American regional sports network (1990–2005)

Empire Sports Network was an American regional sports network that was owned by the Adelphia Communications Corporation. The network was available on cable providers in much of upstate New York (stretching from Buffalo to Albany), as well as parts of northern Pennsylvania and eastern Ohio. The network ceased operations on March 7, 2005, in the midst of Adelphia's financial collapse and bankruptcy.

==History==
===Beginnings===
Empire Sports Network launched on December 31, 1990; its first broadcast that evening was a National Hockey League game between the Buffalo Sabres and the Philadelphia Flyers. Founded by John Rigas (founder and chief executive officer of network parent Adelphia Communications), the idea for Empire Sports was first conceived in 1989; Rigas decided to operate the new network in Buffalo, instead of in Adelphia's corporate homebase of Coudersport, Pennsylvania, a rural borough dozens of miles away from the nearest major sports teams. Originally broadcasting as a part-time service for four hours each night from 8:00 p.m. to 12:00 a.m., the network originally carried games from the Sabres (carrying locally televised games not broadcast on Fox affiliate WUTV (channel 29), which carried the team's games under a separate contract), the Buffalo Bisons of the International League and Major League Baseball games from the Pittsburgh Pirates. Empire was an outgrowth of the Niagara Frontier Sports Network (NFSN), a partnership between the Sabres and Adelphia that had carried Sabres games on cable on a part-time basis through much of the 1980s.

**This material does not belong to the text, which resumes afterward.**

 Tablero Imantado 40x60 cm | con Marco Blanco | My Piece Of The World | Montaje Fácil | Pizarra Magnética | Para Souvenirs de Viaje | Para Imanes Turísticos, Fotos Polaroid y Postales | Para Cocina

Adelphia launched the network without seeking a specified carriage fee rate, offering Empire Sports to cable providers for free on a "good faith" basis. However, in June 1991, Tele-Communications Inc. briefly dropped the network from its systems in New York state, after TCI decided against carrying it without a firm carriage agreement. In October 1991, the network became an affiliate of the Prime Network group of regional sports networks; at that time, the network expanded its programming schedule to 19 hours per day, operating from 5:00 a.m. to 12:00 a.m.

On August 10, 1994, Empire acquired the exclusive regional television rights to the Sabres; as part of the deal, Empire also struck a deal with WUTV parent Act III Broadcasting to air over-the-air simulcasts of ten regular season games (a third of the 30 games that the station had been carrying under a separate contract with the team) and any playoff games during the term of the agreement. By 1995, Empire had expanded its carriage to TCI systems in Rochester and Syracuse; the network expanded its statewide coverage eastward to Albany and Binghamton. The next year, 1996, saw the Prime Network converted to Fox Sports Net, and Empire thus became an FSN affiliate, airing nationally provided sports programming from Fox and in turn contributing footage to FSN shows such as Fox Sports News.

The Sabres' relationship with Empire Sports strengthened in 1998, when Adelphia and the Rigas family purchased the team. Following the purchase, the network expanded its coverage of the team, culminating in the Sabres' advancement to the Stanley Cup Final in May 1999, when it provided 12 hours of coverage daily from 12:00 p.m. to 12:00 a.m. during the championship series. The network's unbridled coverage of the Sabres caught the attention of the National Hockey League, with league Commissioner Gary Bettman commenting that "if the rest of the league was covered like Empire Sports covers the Sabres, we would be as big as the NFL." By 2001, Empire Sports had over 6.7 million subscribers via both cable providers in New York, northern Pennsylvania and northeastern Ohio and nationally on satellite.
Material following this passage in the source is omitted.